•Net income of $4.4 million or $0.45 per share
•Higher retail propane margins per gallon generated $1.2 million in additional gross margin
•Growth from the natural gas businesses generated $1.1 million in additional gross margin

Dover, Delaware — Chesapeake Utilities Corporation (NYSE: CPK) today reported second quarter financial results. The Company’s net income for the quarter ended June 30, 2013 was $4.4 million, or $0.45 per share. This represents a decrease of $704,000, or $0.07 per share, compared to the same quarter in 2012.

For the six months ended June 30, 2013, the Company reported net income of $19.2 million, or $1.99 per share. This represents an increase of $3.4 million or $0.36 per share, compared to the same period in 2012.

The decrease in net income in the second quarter of 2013, compared to the same quarter in 2012, was due primarily to the impact of two non-recurring adjustments: (a) a one-time sales tax expense of $759,000 related to the acquisition of assets in Maryland, as further explained in the Financial Summary Highlights section, and (b) a non-recurring increase in gross margin of $568,000 in the second quarter of 2012, related to prior period accrued revenues. Absent these non-recurring adjustments, net income for the current quarter would have increased by $99,000 compared to the same period in 2012.
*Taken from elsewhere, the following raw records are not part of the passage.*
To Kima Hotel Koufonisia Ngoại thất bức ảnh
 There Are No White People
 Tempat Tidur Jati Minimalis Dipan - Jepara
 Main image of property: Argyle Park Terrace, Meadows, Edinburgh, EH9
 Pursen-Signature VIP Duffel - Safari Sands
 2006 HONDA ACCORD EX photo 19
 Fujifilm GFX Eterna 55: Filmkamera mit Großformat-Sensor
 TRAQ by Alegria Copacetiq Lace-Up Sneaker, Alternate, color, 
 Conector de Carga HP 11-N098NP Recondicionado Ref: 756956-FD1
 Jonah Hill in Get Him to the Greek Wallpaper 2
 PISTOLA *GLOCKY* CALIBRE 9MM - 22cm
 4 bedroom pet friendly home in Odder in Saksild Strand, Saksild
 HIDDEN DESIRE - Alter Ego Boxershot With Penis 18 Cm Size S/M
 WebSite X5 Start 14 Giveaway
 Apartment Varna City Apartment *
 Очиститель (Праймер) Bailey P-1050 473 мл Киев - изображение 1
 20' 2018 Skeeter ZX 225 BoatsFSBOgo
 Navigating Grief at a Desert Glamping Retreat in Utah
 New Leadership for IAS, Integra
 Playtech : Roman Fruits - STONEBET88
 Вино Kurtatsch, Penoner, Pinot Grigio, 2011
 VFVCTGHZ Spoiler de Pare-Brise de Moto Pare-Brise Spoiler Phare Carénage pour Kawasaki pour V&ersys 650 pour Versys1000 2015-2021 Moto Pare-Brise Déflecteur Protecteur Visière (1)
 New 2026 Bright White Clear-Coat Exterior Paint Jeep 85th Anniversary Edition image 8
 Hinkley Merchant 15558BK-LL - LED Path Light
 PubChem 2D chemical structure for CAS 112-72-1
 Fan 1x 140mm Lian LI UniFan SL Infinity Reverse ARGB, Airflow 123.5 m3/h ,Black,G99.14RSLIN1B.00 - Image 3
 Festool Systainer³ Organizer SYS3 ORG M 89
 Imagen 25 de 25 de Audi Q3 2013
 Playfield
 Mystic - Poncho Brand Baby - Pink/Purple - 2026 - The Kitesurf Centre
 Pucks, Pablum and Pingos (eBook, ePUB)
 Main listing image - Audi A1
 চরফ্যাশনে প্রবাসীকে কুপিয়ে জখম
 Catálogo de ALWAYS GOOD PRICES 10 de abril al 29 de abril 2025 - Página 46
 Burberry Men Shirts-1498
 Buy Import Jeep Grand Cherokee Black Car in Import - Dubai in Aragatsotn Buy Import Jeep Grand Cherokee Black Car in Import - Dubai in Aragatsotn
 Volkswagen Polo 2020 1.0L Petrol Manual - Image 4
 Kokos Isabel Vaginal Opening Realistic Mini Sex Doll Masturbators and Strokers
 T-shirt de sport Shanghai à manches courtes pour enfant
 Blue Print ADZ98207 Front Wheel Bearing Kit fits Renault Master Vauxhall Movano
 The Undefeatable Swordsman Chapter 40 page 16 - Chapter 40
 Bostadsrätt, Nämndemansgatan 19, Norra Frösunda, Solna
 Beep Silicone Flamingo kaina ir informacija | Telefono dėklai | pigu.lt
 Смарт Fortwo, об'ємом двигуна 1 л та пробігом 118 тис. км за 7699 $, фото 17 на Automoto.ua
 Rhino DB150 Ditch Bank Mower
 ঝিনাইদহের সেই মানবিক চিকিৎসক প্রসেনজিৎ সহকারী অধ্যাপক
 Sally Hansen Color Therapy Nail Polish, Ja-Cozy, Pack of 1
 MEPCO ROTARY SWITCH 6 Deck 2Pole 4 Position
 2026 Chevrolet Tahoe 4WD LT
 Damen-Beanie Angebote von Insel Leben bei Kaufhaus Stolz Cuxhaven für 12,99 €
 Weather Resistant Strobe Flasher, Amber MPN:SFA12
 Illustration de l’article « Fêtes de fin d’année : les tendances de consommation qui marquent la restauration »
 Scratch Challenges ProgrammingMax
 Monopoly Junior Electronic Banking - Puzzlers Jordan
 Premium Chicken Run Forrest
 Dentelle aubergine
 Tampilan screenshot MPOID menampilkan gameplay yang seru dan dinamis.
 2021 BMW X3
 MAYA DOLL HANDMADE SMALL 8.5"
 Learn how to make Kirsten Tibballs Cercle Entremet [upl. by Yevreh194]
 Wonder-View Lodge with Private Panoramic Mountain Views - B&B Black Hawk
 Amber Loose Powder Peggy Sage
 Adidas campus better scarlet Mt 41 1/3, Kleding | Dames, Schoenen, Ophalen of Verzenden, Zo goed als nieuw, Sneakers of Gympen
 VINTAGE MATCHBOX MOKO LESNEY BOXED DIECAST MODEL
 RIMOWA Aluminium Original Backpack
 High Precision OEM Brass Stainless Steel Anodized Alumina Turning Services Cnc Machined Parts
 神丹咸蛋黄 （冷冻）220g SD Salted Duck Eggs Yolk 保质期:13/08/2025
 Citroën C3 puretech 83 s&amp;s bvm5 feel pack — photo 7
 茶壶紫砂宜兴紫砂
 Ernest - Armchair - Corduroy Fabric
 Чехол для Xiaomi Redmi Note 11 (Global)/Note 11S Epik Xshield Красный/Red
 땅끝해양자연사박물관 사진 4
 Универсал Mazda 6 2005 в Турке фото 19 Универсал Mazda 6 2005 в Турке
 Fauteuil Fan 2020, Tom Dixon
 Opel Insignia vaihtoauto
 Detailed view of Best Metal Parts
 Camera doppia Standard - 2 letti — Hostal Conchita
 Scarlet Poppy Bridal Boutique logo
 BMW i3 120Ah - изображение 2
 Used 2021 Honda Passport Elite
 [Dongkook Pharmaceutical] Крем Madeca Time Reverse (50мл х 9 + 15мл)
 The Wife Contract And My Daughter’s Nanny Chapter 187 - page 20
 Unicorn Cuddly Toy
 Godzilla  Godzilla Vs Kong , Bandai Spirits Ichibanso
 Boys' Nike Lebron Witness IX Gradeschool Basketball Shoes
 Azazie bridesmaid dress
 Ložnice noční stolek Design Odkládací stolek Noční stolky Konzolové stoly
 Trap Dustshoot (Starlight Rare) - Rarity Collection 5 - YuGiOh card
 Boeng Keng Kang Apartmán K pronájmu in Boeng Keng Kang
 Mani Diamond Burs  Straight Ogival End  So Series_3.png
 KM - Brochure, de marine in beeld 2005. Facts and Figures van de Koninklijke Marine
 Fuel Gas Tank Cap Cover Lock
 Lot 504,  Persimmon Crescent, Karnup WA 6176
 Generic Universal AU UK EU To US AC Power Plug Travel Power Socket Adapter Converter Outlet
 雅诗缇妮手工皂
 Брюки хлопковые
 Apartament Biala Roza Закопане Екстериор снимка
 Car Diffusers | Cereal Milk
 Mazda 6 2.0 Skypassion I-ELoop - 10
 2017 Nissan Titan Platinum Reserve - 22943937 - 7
“Our financial results for the second quarter reflect both continued growth and continued investment in our businesses,” stated Michael P. McMasters, President and Chief Executive Officer of Chesapeake Utilities Corporation. “In 2012, we extended natural gas transmission service to Worcester County, Maryland, and in May 2013, we completed the purchase of the operating assets of Eastern Shore Gas Company (“ESG”) and its affiliates in Maryland. Through our new wholly-owned subsidiary, Sandpiper Energy, Inc. (“Sandpiper”), we began serving approximately 11,000 residential and commercial underground propane system customers acquired in this transaction using new tariff rates approved by the Maryland Public Service Commission,” Mr. McMasters noted.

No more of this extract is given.